Another problem is that if I don’t identify with my future selves (which, according to Strawson, I shouldn’t if I can help it), then I have no good reason to make sure that my life (the life of Michael Hauskeller) will continue to go well. If I truly believe that those future selves of Michael Hauskeller are, despite appearances, not me, then what happens to those selves need not be of any concern to me (or at least not of more concern than what happens to the selves of other people). Yet if I don’t care what happens to my future selves, then the good life that I might be having now is unlikely to last very long.

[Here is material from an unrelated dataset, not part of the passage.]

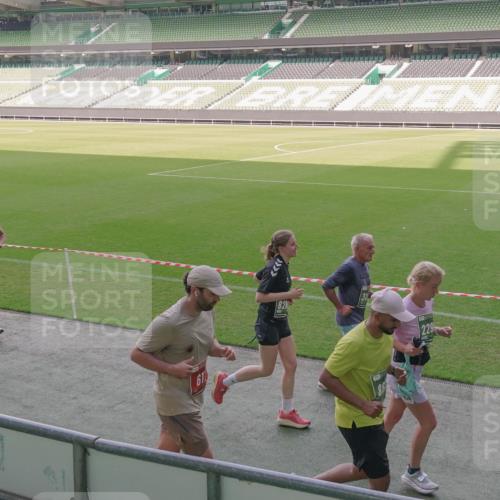 13.09.2026 - 21. swb-Marathon Bremen Michael Burmester http://msf.ph/oto/10345732 13.09.2026 13:33:05 Laufen im Stadion 155, 344, 350, 386, 428, 490, 594, 617, 690, 765, 786, 787, 1001, 1051, 1098, 1133, 1142, 1292, 1326, 1377, 1427, 1557, 1591, 1592, 1661, 1760, 1801, 1869, 1897, 1923, 1996, 2077, 2132, 2226, 2230, 2231, 2253, 2270, 2274, 2320, 2344, 2374, 2399, 2400, 2456, 2479, 2514, 2515, 2523, 2539, 2543, 2556, 2616, 2630, 2649, 2718, 2757, 2769, 2787, 2848, 2945, 2982, 3014, 3140, 3223, 3350, 3379, 3443, 3503, 3572, 3577, 3601, 3614, 3644, 3736, 3746, 3797, 3875, 3901, 3911, 3952 meine-sportfotos.de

We may also wonder what a determined episodic makes of moral feelings such as responsibility, guilt, shame, remorse, or gratitude, all of which only seem to make sense if I see myself as the same self that has done certain things in the past, and to whom certain things have happened. Do episodic selves not have those feelings, or do they regard them as misleading? Again, it is not completely absurd to think that we might actually be better off if we did not have those feelings. A guilt- and remorse-free existence has a certain appeal, but unless we are willing to accept that one needs to be a psychopath in order to live a truly good human life, we should probably reject the suggestion.